→ Information supplied:
· · · · ·

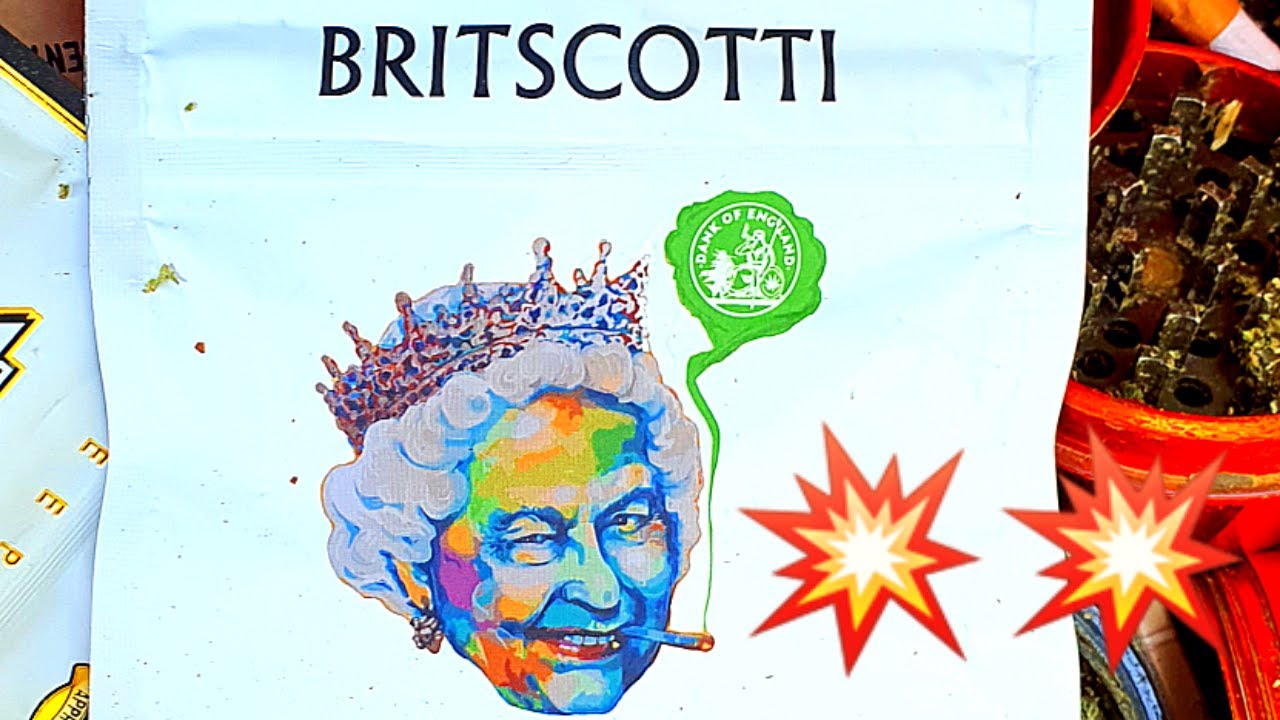 Dank Of England Weed Britscotti review and smoke up cannabis 420 @DOETV420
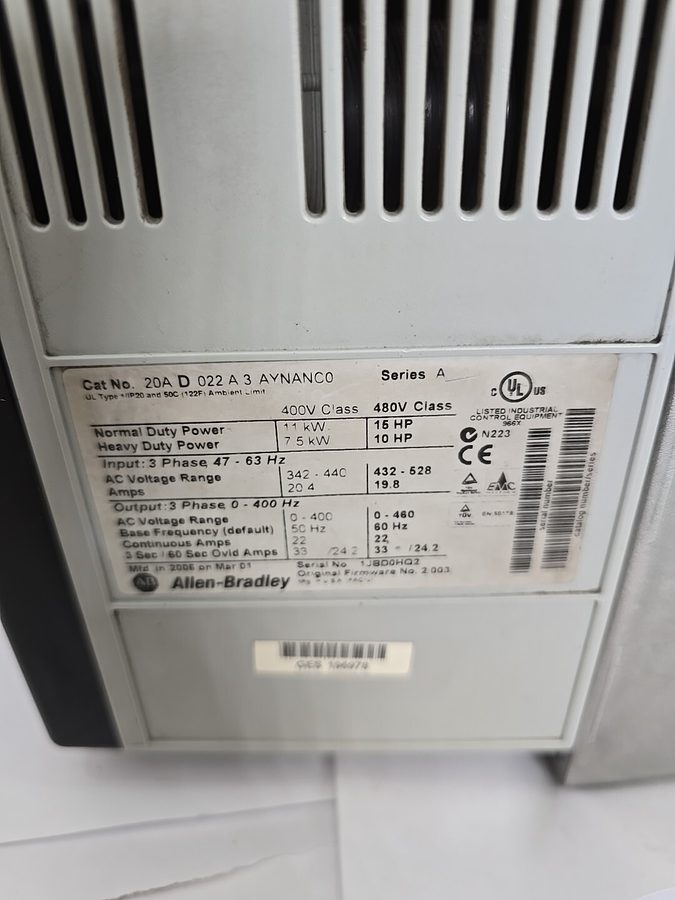 Фото лота 7.5HP/5HP от продавца №70750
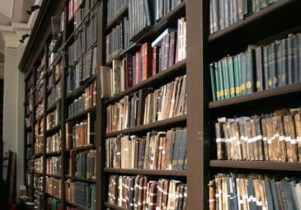 Portico Library Manchester, by Gareth Hacking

· · · · ·

→ Work task: Reproduce the data above in full, exactly, with the images removed.

→ Expected output:
 Dank Of England Weed Britscotti review and smoke up cannabis 420 @DOETV420
 Фото лота 7.5HP/5HP от продавца №70750
 Portico Library Manchester, by Gareth Hacking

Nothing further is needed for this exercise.